┏━━

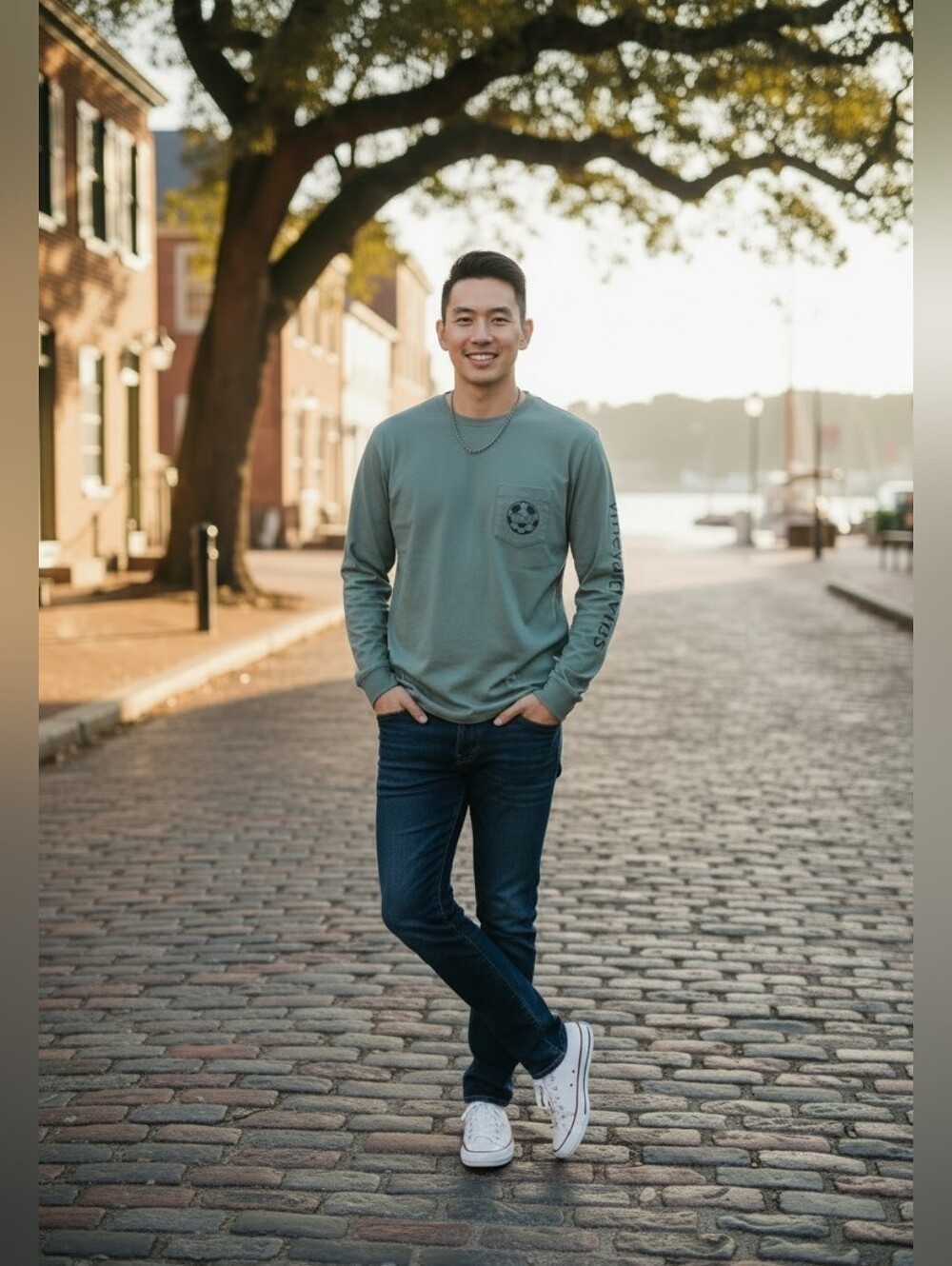 Vineyard Vines Men's Vintage Soccer Whale Long-Sleeve Pocket Tee in Sage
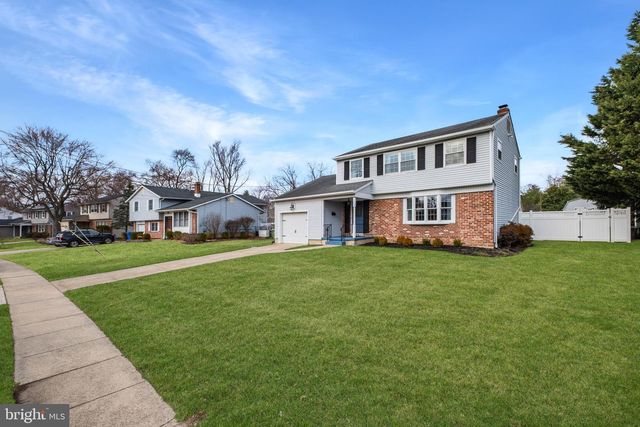 22 OLD COLONY LN, Marlton, NJ 08053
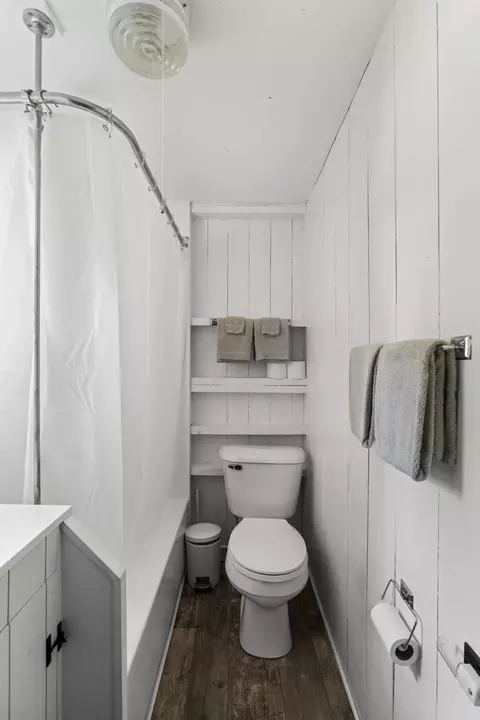 Bath - 4 5 Sandy Ln, Phippsburg, ME 04562 photo 3 of 4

┗━━

* [Aim of the exercise]: Could you reproduce all of the data above exactly and skip any image?

* [Expected answer]:
 Vineyard Vines Men's Vintage Soccer Whale Long-Sleeve Pocket Tee in Sage
 22 OLD COLONY LN, Marlton, NJ 08053
 Bath - 4 5 Sandy Ln, Phippsburg, ME 04562 photo 3 of 4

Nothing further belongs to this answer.